Monday, August 27, 2007

From across the pond

Day passes day, and the leaves of certain trees exhale into yellow, having bottled up the sun so long that they begin to resemble him.

Meg, a long, lost housemate of mine, from the days of Burleith and the melanistically-divergent (to reach for a PC term) black squirrels, is in Arlington awaiting funding for her PhD program at Cambridge. She is doing something eminently brilliant regarding psycholinguistics and phonology, but there is some sort of hang-up with the European Union, and she has returned to the States until the fog lifts.

She came to dinner at the apartment on Saturday, and we ought to have gone swing-dancing, but Bethany roped Brian into helping someone move a free piano off of Craig's List from Mt. Pleasant to Anacostia in a hair-lifting thunderstorm with a U-Haul truck that wouldn't start. Needless to say, dancing was out, so we ate chicken kabob from down the street and played Settlers of Catan until the blackest hours of the morning. If anyone ever discovers a perfectly octagonal lost island continent composed of miraculously equal parts brick, ore, pastureland, forests and wheatfields, I will be prepared. It's a tremendous load off my mind.

Telling me all about Cambridge, Meg has half convinced me to move to that sinking star of an imperial age, a place where nearly everyone drinks copious amounts of tea and goes on holiday instead of on vacation.

If it did not suggest an egregious oversight on the part of my Maker, I would swear that I had been born on the wrong continent, and most definitely in the wrong decade.
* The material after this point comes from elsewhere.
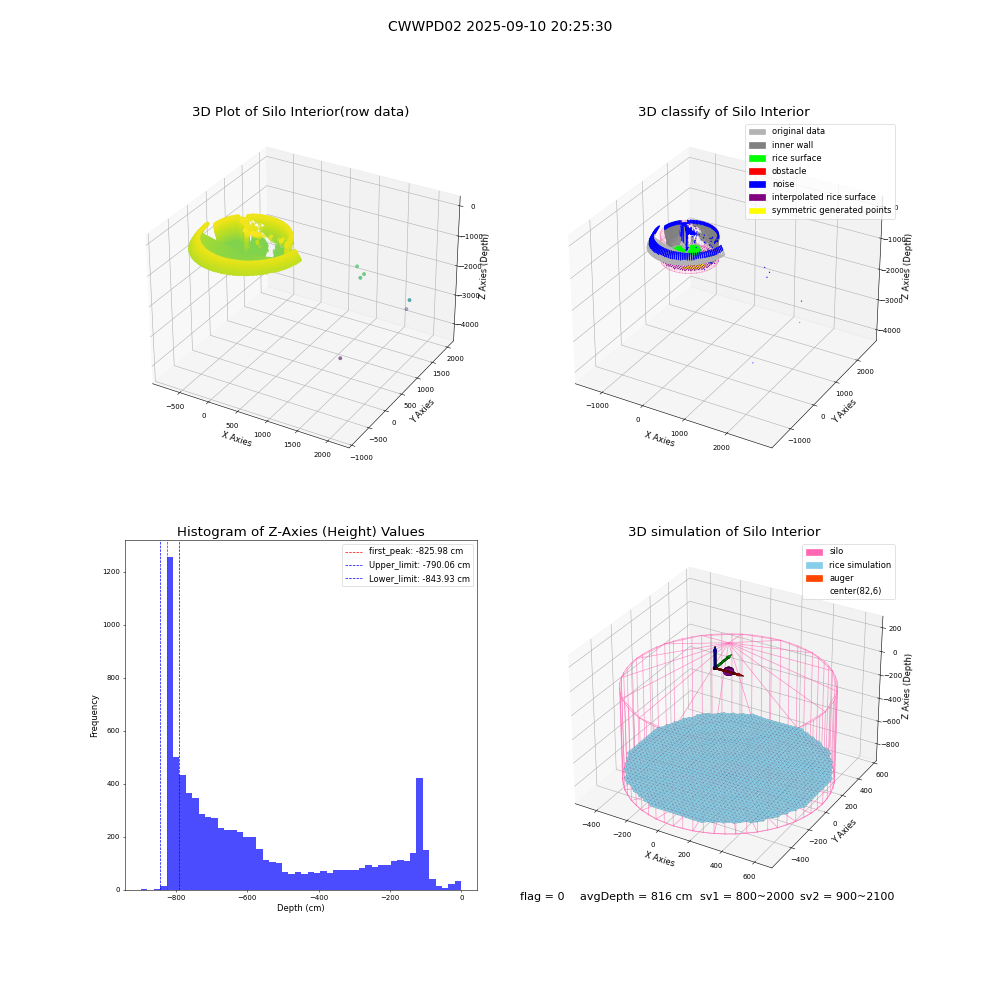 lidar visual vms_img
Judging almost entirely, I will admit, from literary fixation (Oh, Inklings, how I would have loved to have met you!), I ought to have been born in England right around 1920.

Still, I expressed to Meg that it would be foolhardy to try to compensate and do a major life move on the basis of pure literary fascination.

"That's what I did," she answered to my surprise, "And it's worked out great for me."

I am not really about to jump the Pond, but if there is a young gentleman reader out there from the UK, preferably over six feet and with a cozy cottage outside Oxford (thatching optional), you're more than halfway home so far as I'm concerned.

In the absence of ready excuses (not to mention ready monies) to pack it off for Heathrow, I've been downloading free audiobooks in the public domain of Chesteron's detective stories. I play them while I drift in the borderland between sleeping and waking. Marvelous. I was listening to one the other day, and was startled to hear the main character (generally a likable bloke) launch into an anti-Semitic rant. I winced and listened with growing horror, feeling as though a cockroach had just settled down next to me on the couch.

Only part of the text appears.